Essa realidade termina por revelar as assimetrias entre os códigos dos subsistemas da economia, da política e do direito e, com isso, expõe as dificuldades do constitucionalismo no enfrentamento da complexidade das sociedades atuais, dificuldades relacionadas tanto à institucionalização de critérios/programas jurídico-constitucionais (acoplamento estrutural) como à projeção de expectativas normativas generalizadas (especialização do subsistema do direito constitucional) de bem-estar geral, em dissintonia com a realidade econômica. Em ambas as perspectivas sistêmicas, o que se evidencia são condições não mais delimitadas territorialmente e, portanto, não mais sujeitas a restrições político-jurídicas nacionais. Neste ponto, é necessário reconhecer que a institucionalização de direitos fundamentais, em especial, dos sociais, não mais depende, apenas, das condições econômicas locais, mas, sobretudo, das mundiais, e que, além disso, a expansão do código da economia afeta a normatividade constitucional (NEVES, 2007), o que mitiga a capacidade de as constituições nacionais projetarem expectativas normativas generalizadas em um espaço territorial local.

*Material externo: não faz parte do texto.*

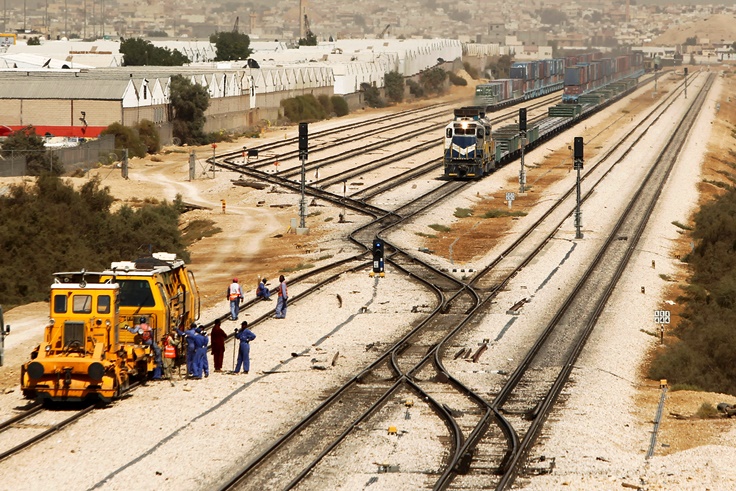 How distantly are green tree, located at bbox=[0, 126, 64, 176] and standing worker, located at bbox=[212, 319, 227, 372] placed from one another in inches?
1453

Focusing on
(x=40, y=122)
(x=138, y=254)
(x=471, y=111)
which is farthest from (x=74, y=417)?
(x=40, y=122)

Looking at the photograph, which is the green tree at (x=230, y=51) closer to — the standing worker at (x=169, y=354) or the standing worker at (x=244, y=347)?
the standing worker at (x=244, y=347)

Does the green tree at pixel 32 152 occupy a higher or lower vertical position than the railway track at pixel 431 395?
higher

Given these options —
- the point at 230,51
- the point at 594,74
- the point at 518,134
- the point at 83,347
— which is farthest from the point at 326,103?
the point at 83,347

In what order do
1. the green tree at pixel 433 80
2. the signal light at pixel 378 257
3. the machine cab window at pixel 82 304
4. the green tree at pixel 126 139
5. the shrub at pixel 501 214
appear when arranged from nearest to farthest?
the machine cab window at pixel 82 304 → the signal light at pixel 378 257 → the shrub at pixel 501 214 → the green tree at pixel 126 139 → the green tree at pixel 433 80

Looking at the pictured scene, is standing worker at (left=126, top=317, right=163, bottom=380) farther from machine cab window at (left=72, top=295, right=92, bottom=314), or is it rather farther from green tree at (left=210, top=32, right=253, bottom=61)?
green tree at (left=210, top=32, right=253, bottom=61)

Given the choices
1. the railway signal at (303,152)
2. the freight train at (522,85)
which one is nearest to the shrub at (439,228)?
the railway signal at (303,152)

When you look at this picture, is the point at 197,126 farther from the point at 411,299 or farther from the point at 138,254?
the point at 411,299

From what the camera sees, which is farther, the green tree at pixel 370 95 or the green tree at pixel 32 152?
the green tree at pixel 370 95

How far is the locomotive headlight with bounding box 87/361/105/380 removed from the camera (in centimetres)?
2222

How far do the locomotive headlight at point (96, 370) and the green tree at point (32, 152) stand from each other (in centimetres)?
3998

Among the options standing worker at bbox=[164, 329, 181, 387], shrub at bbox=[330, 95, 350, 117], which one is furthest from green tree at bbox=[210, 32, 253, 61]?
standing worker at bbox=[164, 329, 181, 387]

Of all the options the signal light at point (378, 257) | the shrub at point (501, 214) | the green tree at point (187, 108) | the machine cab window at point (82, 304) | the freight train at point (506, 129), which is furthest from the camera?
the green tree at point (187, 108)

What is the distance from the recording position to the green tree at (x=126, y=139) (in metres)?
76.2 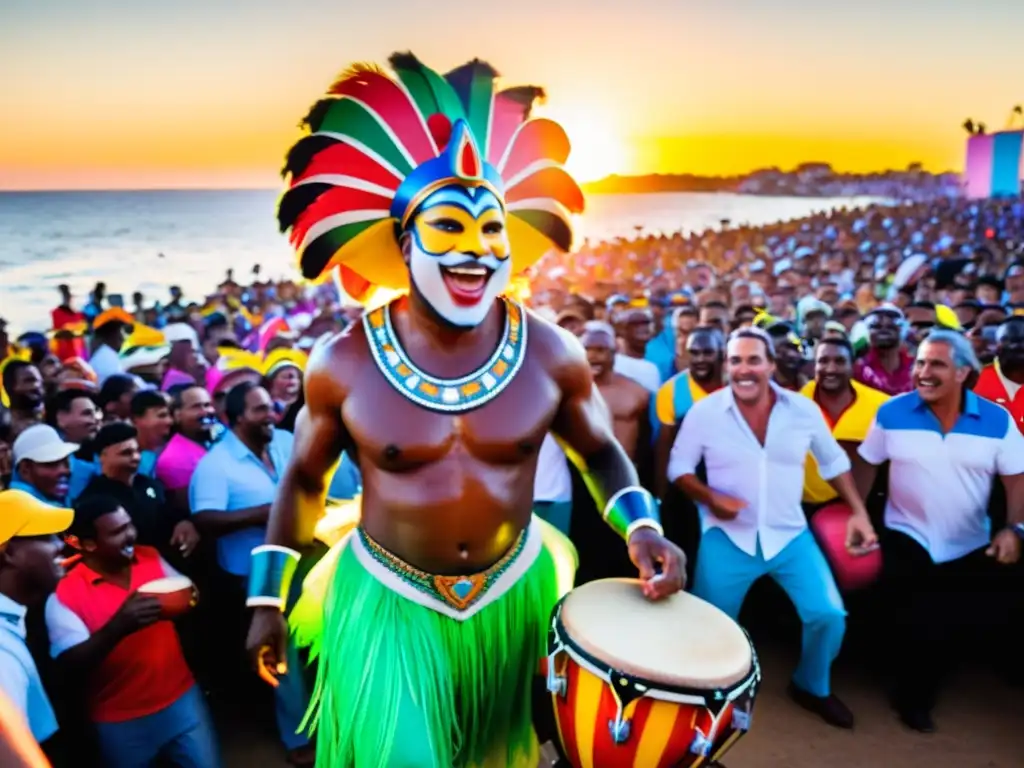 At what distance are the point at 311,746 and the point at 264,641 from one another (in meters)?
1.57

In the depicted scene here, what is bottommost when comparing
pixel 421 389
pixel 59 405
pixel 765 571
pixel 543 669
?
pixel 765 571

Não se trata, evidentemente, da constitucionalização simbólica, nos termos descritos por Neves (2007), mas da impossibilidade fática de as próprias constituições projetar expectativas normativas generalizadas em ambientes em que a realidade nacional não se prende, exclusivamente, às decisões político-jurídicas locais. É neste contexto que surge a pertinente questão acerca da capacidade de, na contemporaneidade, o Estado nacional, que não mais detém controle sobre os processos econômicos313, ainda ofertar, realisticamente, ampla proteção socioeconômica. Essa questão nos direciona a indagar a efetividade das decisões político-jurídicas nacionais, acerca de uma sociedade mais equânime na atualidade. De fato, a expansão do código do subsistema da economia trouxe à tona a questão da proteção socioeconômica do indivíduo em condições econômicas distintas daquelas para as quais foram projetadas no processo de constitucionalização dos Estados social e de bem-estar. Isso exige, dos códigos dos subsistemas da política e do direito, respostas a problemas específicos do código do subsistema da economia. O constitucionalismo se depara, então, com o desafio de institucionalizar ampla proteção socioeconômica em um contexto de economia internacionalizada, ou seja, em um contexto de sobreposição do código do subsistema da economia.